The next day was my birthday and Stake Conference. I thought Stake Conference would be wonderful and uplifting and help me feel better. Yeah, not so much. I'm not joking when I say--EVERY talk was about having families and how wonderful and magical it is and such a blessing, blah, blah, blah. Not exactly what I wanted to hear right then. I cried the entire time. It was so bad and uncomfortable that I almost left early. And I never, ever consider doing that. But then I decided to stick it out hoping that there would be the perfect talk just for me. There wasn't. I still don't know what I learned from that meeting.
(As a side note--I have learned to deal with this. And I am okay with it. I'm looking forward to the time when I'll be able to adopt! I'm so grateful that the Church has an adoption program.)
Two years ago, I found out that I have a fairly significant gluten intolerance a couple of weeks before my birthday (the week my sister got married) so I couldn't have her wedding cake or birthday cake. Not cool.
Last year I found out I have allergies to pineapple (one of my favorites) and walnuts and now have to carry an Epi-Pen with me. Not too long after that I found out that I have a pretty significant allergy to Wasps.
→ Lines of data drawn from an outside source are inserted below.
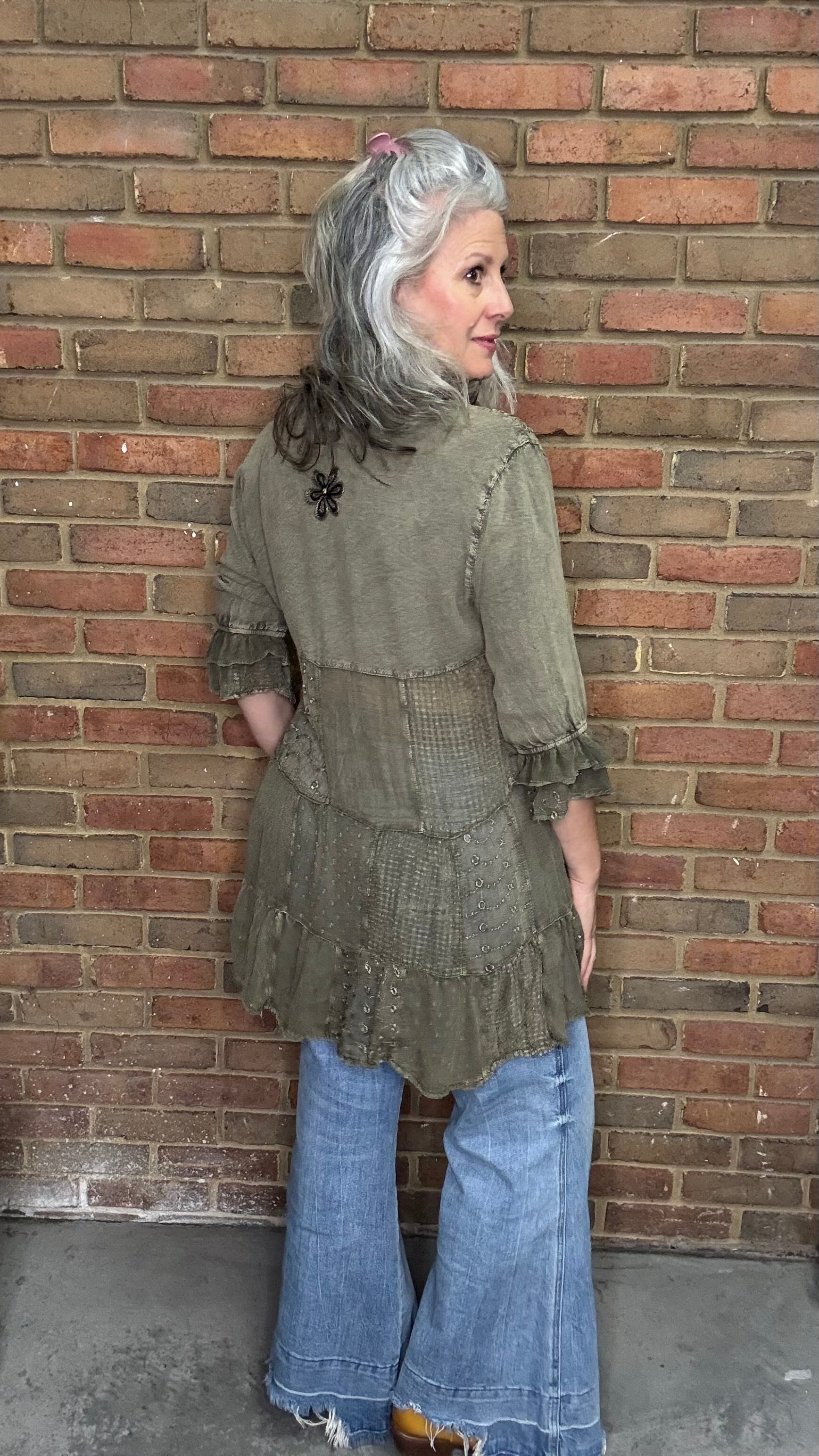 Gravel Embroidery 3/4 Sleeve Top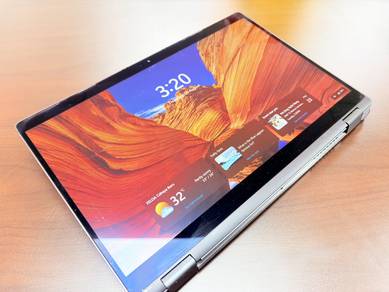 Dell Latitude 5300 Touch Screen Carbon Fibre Body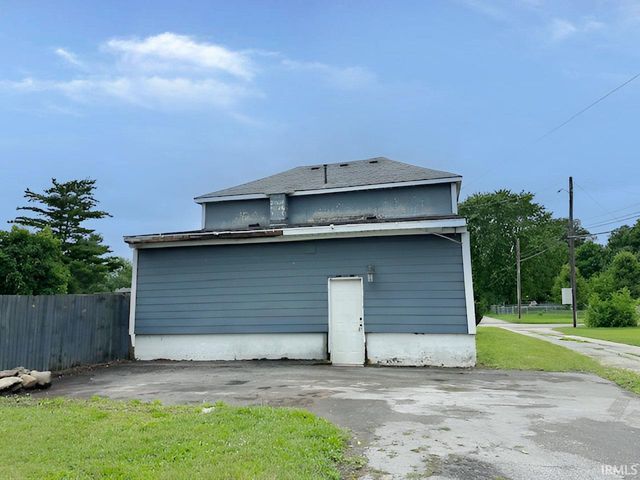 1535 Henry Street, Huntington, IN 46750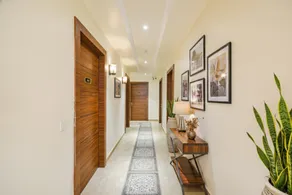 FabHotel K9 Royal - Image 3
That was painful.
Anyway these are just a few of the highlights, there are others, but I don't want to get into it. It just makes me sound like even more of a complainer.
I've had a few good birthdays, but I guess for me they have never been anything too special. Maybe that is why I love celebrating other people's birthdays so much--so that their birthdays are special--as they should be.
To end on a good note--last year's birthday was fun. It was on a Monday and I went to FHE, which was our ward's Pine Wood Derby. It was fun and my house won "Prettiest Car" Award. Then my roommates surprised me with a big cake (that I couldn't eat, lol) at FHE. It was really sweet. Afterward, some of our friends and I went to Cheesecake Factory-one of my favorite restaurants to eat.
Anyway--so that is how I feel about my birthday. I'm pretty ambivalent. I've gotten to the point that I just don't care. Life has taught me that when it comes to my birthday, if I lower my expectations enough, then anything positive will make like the best ever.